**EXTRACTED INFORMATION:**
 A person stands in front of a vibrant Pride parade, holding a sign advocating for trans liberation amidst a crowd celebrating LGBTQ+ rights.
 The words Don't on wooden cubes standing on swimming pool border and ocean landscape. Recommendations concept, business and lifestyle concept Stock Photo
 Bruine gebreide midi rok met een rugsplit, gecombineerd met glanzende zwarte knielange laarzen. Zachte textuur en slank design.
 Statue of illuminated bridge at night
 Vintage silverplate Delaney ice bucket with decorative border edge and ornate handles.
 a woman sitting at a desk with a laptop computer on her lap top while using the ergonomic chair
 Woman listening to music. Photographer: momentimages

* * *

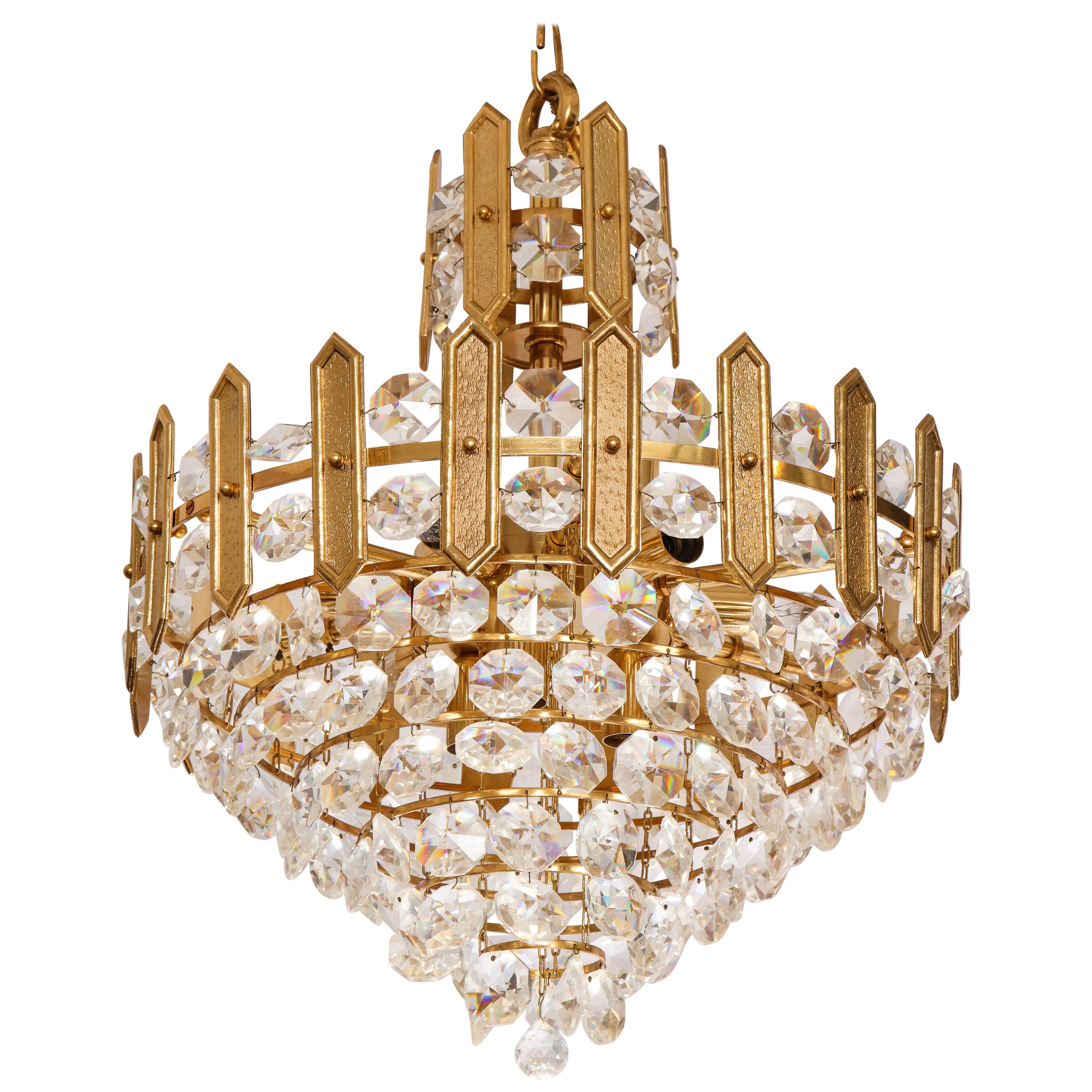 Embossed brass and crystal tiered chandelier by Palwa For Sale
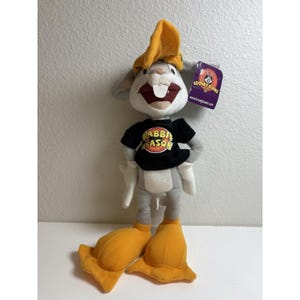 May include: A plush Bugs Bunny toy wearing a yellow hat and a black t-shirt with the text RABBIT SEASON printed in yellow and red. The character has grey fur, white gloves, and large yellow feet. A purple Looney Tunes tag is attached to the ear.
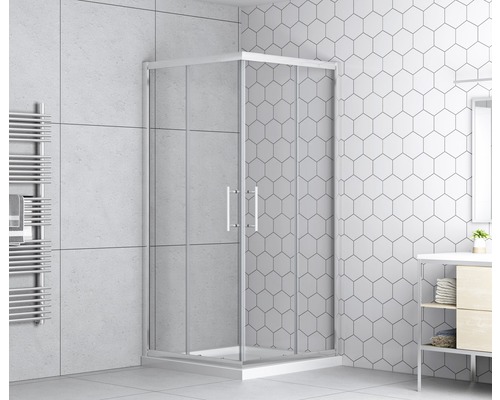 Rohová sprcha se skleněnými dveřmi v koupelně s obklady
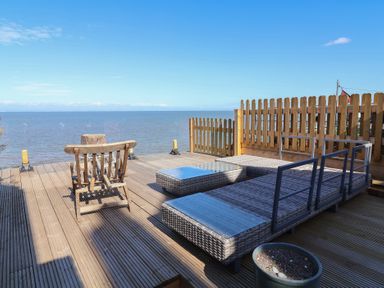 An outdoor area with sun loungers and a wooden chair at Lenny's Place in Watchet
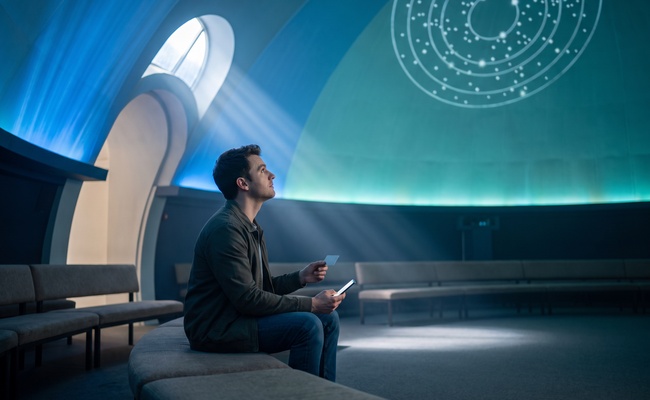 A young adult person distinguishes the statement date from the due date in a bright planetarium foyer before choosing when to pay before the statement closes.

**ABOUT THIS TASK:** Check the data above and report how many lines include the word "border", using a bare number.

**WRITTEN ANSWER:** 2